Asking and answering three basic questions can help you find your own way. The questions are as basic as waking up and making your bed every day. Not answering them will keep you in the herd, and if you read this blog that’s not where you want to be.

1. Where are you from? This helps define perspective. Perspective or how you see the world in your own way makes you unique. It’s your story. Its where all things flow from.

The world is like a Mardi Gras parade. And Mardi Gras happened to be born in my hometown of Mobile, Alabama. You either stand on the sidelines with the crowd and yell or you jump over the barricade and become part of the parade. It may be on a float, the band or the police, but people who go their own way want to be in the parade not watching it.

2. What do you believe? This helps build the right relationships. The right relationships always leads to greater opportunity. Just try launching a business or starting a project with someone who doesn’t believe the same things you do. It will end bad.

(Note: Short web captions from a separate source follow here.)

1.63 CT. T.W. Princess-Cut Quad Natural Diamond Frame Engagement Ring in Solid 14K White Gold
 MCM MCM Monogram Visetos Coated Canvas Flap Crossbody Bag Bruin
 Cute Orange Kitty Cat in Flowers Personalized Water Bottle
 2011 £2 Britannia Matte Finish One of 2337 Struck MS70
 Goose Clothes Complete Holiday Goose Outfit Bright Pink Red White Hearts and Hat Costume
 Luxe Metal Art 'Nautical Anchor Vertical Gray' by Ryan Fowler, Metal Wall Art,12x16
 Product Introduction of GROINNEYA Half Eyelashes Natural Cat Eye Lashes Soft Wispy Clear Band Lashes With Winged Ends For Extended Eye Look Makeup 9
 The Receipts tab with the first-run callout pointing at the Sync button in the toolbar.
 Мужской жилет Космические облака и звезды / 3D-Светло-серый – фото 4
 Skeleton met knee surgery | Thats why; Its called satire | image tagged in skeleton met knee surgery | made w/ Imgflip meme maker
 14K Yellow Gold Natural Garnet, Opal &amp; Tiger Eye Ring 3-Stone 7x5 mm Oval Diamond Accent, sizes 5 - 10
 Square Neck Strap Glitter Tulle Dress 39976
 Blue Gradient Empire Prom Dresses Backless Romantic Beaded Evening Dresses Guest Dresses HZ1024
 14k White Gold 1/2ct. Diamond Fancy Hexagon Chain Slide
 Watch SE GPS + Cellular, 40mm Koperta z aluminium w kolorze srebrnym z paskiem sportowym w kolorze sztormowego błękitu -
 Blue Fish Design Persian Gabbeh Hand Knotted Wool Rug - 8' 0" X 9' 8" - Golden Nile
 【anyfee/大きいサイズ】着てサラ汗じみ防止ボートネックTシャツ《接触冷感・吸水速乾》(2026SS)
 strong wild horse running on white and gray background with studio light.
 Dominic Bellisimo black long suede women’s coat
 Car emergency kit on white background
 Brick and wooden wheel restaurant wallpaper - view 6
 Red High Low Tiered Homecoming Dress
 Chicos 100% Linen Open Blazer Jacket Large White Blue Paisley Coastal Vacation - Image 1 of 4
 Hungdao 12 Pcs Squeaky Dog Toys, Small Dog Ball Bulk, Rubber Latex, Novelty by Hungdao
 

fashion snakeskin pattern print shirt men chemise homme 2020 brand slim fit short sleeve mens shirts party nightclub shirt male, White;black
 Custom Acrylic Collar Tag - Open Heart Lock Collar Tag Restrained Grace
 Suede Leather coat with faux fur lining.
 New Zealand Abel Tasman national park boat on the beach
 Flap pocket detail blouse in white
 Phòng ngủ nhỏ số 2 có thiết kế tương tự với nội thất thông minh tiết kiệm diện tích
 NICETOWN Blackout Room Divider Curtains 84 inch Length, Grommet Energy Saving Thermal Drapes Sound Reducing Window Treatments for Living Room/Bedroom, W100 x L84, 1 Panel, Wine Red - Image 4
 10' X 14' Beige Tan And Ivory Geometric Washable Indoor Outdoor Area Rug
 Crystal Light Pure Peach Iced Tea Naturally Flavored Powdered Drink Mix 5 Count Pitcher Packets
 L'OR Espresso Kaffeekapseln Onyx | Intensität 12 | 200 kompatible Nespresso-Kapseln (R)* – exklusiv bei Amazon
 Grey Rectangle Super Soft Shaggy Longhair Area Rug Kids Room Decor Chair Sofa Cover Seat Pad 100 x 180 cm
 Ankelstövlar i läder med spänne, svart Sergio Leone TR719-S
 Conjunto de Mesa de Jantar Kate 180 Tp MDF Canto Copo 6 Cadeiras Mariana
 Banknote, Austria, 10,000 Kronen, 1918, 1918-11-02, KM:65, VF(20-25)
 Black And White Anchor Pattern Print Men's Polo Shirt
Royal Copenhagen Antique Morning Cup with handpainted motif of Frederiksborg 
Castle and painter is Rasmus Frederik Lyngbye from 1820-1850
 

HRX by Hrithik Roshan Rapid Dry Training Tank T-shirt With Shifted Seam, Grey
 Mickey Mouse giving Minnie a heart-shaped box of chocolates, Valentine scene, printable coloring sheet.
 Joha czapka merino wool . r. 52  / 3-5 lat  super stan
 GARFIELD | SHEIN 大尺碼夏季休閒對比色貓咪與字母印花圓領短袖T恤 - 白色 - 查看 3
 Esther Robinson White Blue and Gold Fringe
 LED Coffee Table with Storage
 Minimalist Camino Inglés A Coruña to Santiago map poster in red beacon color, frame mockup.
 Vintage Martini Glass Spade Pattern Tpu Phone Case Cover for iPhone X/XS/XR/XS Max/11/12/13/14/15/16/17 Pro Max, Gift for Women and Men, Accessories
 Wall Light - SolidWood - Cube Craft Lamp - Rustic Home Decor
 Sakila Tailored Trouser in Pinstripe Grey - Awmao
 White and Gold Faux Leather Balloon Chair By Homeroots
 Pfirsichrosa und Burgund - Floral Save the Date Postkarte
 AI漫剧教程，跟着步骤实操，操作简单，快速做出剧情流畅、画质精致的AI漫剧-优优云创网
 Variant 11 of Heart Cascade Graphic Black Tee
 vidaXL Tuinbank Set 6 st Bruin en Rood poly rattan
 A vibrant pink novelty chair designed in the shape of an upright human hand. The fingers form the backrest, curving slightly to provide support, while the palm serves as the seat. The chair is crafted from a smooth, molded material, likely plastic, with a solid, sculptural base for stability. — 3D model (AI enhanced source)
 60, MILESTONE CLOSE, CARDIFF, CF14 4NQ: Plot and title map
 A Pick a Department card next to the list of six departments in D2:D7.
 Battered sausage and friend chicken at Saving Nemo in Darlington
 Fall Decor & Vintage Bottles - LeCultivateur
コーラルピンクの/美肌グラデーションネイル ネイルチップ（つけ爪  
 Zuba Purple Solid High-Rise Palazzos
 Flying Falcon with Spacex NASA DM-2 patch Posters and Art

Belief is hard — especially early in life and especially today. Some people don’t know what to believe or how to develop their own beliefs. So they read newspapers or watch television shows and mimic what they see and hear. Charles Tremendous Jones said it best. He said you will be the same person you are five years from now except for two things – the books you read and the people you meet. Start reading books. Start meeting people. Who is Charles Jones. It doesn’t matter. His middle name is Tremendous because he went his own way. Read, meet, decide what you want to believe. Repeat.

3. What matters to you? This helps make sure you hit the mark. And lets others know how to hit the mark for you.

Self-reliance matters. I heard a guy once say, “I have done so much, with so little, for so long that I am now qualified to do anything with nothing.” He wasn’t a teacher, a social worker or even a miracle worker. He was a prison guard supervisor. W.E. Deming said something like don’t remodel your own prison, figure a way to get out of it. To do that you must know what matters to you first, so that you can go your own way.